A little pressured by the girls, Kazumi moved her mouth, as though about to say something, but changed her mind and said, "Sorry, but I don't know any more than this," unwrapping another sandwich and stuffed her face with the horrible-looking thing as if to suppress the words. "Anyway - is it true that idiot girl at your school failed her idol audition?" Kazumi said, forcing her face back into that of Mary.
A rose sat in the room of St. Loudun's headmistress. It had been cut three days earlier, and its scent was already beginning to fade. Taruho compared herself to its wilting petals, staring absentmindedly at it.
"Sister!" the headmistress scolded Taruho in an oddly restrained manner for not listening to what she was saying.
"I apologise, Headmistress, but I am troubled at the moment."
"Indeed. The curse that only affects girls may be no more than a rumour, but the students are still so obsessed with it. It appears that now, what used to be a simple love charm between the students has turned into a rumour that you will see Aya Tsukimori's ghost and be spirited away."

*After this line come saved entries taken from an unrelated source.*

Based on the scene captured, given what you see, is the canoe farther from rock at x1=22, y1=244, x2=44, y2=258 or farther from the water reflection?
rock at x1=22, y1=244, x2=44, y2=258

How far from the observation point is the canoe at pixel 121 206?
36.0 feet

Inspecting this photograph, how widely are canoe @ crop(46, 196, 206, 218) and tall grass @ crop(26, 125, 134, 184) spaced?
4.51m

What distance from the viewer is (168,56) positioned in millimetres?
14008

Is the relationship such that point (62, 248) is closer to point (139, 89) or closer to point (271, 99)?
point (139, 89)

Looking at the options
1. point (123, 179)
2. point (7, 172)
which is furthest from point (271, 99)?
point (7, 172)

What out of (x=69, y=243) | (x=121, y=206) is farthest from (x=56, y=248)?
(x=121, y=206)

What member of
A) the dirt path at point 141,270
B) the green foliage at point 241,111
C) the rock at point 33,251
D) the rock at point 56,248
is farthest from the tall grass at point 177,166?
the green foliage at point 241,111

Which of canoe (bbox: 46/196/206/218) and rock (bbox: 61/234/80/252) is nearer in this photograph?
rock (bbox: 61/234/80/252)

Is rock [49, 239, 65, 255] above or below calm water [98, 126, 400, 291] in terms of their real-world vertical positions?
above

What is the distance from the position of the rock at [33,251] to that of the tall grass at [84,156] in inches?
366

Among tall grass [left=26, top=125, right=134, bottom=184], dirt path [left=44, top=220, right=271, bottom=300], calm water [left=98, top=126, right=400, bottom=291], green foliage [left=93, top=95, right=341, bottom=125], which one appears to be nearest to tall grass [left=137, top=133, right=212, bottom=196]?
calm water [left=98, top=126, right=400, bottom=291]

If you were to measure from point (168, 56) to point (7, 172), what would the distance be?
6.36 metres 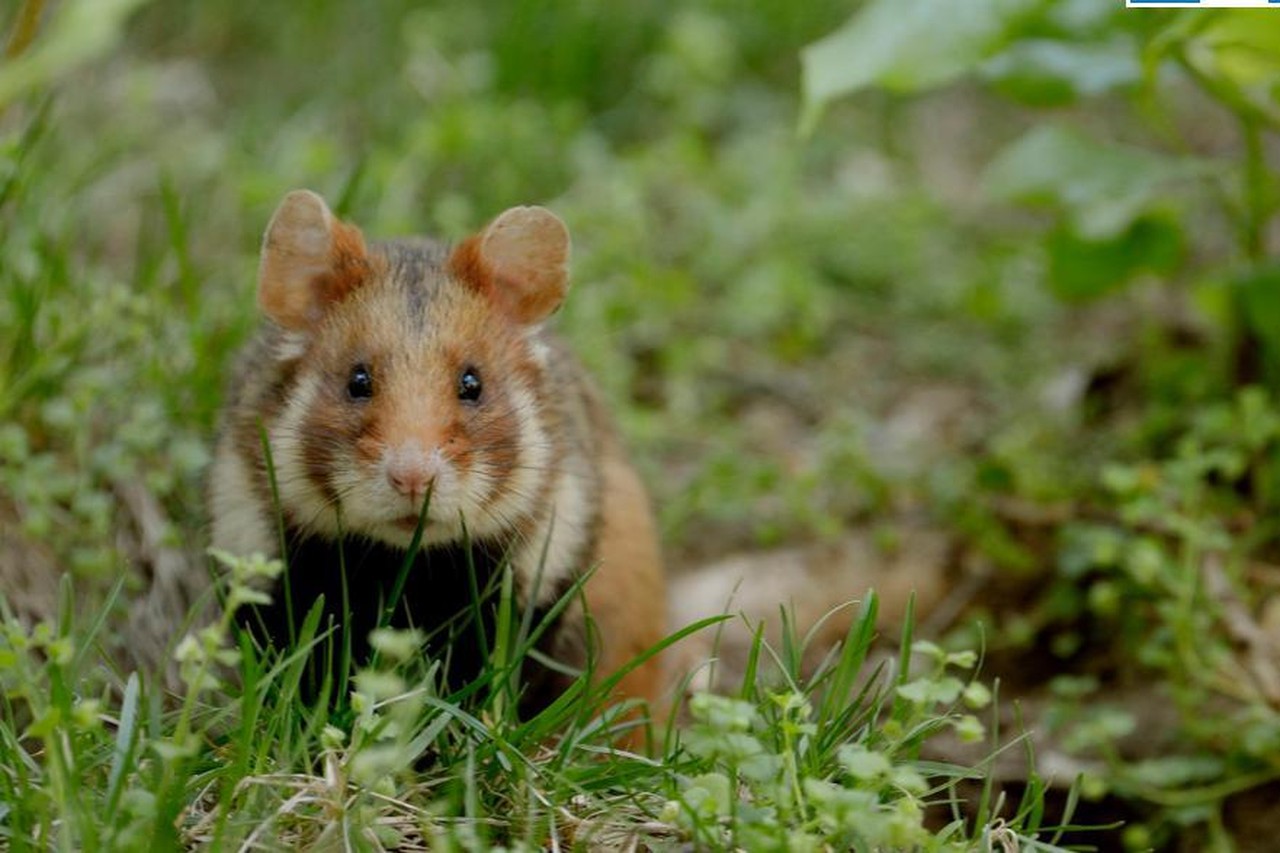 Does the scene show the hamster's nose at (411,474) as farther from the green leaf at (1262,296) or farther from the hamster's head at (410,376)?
the green leaf at (1262,296)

"They're so easily tempted by those things at such an age..." Taruho said, not touching on Kasumi's murder or Itsuki's disappearance. At the same time, she felt neither nostalgia nor fondness for herself at that age.
"You are right."
Taruho and the headmistress continued the conversation, gauging each other and feigning indifference. What they searched for was each other's despairs, so their conversation sank to the depths of water without leaving so much as a ripple on the surface, like searching for the location of a dead butterfly.

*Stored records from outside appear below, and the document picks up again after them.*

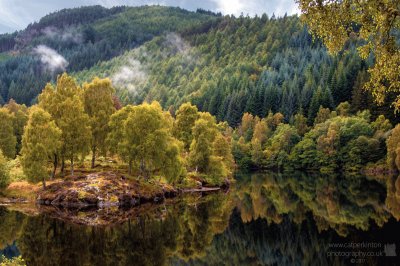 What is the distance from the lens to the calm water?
30312 mm

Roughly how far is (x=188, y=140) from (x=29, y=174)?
3955cm

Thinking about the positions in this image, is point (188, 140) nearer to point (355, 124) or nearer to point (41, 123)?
point (41, 123)

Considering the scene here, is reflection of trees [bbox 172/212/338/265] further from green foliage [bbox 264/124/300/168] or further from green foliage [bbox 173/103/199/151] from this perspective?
green foliage [bbox 264/124/300/168]

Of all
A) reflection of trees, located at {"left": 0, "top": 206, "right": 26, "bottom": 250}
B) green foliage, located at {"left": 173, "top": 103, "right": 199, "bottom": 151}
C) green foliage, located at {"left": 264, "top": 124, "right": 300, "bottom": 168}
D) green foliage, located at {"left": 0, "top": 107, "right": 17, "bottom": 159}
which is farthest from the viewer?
green foliage, located at {"left": 264, "top": 124, "right": 300, "bottom": 168}

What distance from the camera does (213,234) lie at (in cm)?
3944

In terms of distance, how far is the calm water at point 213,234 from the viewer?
3031 cm

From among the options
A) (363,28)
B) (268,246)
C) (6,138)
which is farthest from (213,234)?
(6,138)

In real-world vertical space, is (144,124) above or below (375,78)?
above

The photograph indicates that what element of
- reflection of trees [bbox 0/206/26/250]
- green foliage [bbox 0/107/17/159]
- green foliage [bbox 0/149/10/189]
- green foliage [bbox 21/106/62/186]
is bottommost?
reflection of trees [bbox 0/206/26/250]

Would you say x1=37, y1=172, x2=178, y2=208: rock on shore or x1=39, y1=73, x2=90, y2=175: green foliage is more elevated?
x1=39, y1=73, x2=90, y2=175: green foliage

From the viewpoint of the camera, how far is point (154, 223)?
43031 mm

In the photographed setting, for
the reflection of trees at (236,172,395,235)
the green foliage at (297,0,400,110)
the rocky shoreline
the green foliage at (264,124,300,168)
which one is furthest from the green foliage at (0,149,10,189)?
the green foliage at (264,124,300,168)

It was that night, a full moon in the sky above St. Loudun's, that they received notification of the second body - Itsuki's. The students couldn't be told yet, however. Even if they weren't told, they would spread rumours at the mere sight of that black vehicle, with its luggage rack, pull up at the school. That this time it was Itsuki who had been cut up, and that it was the curse again. In any case, the rumours would flare up in a second, and be forgotten just as quickly. The girls didn't want the truth, so there was no need to tell it to them. That was the only thing upon which Taruho and the headmistress saw eye to eye. They would, of course, notify the police, but now wasn't the time for them.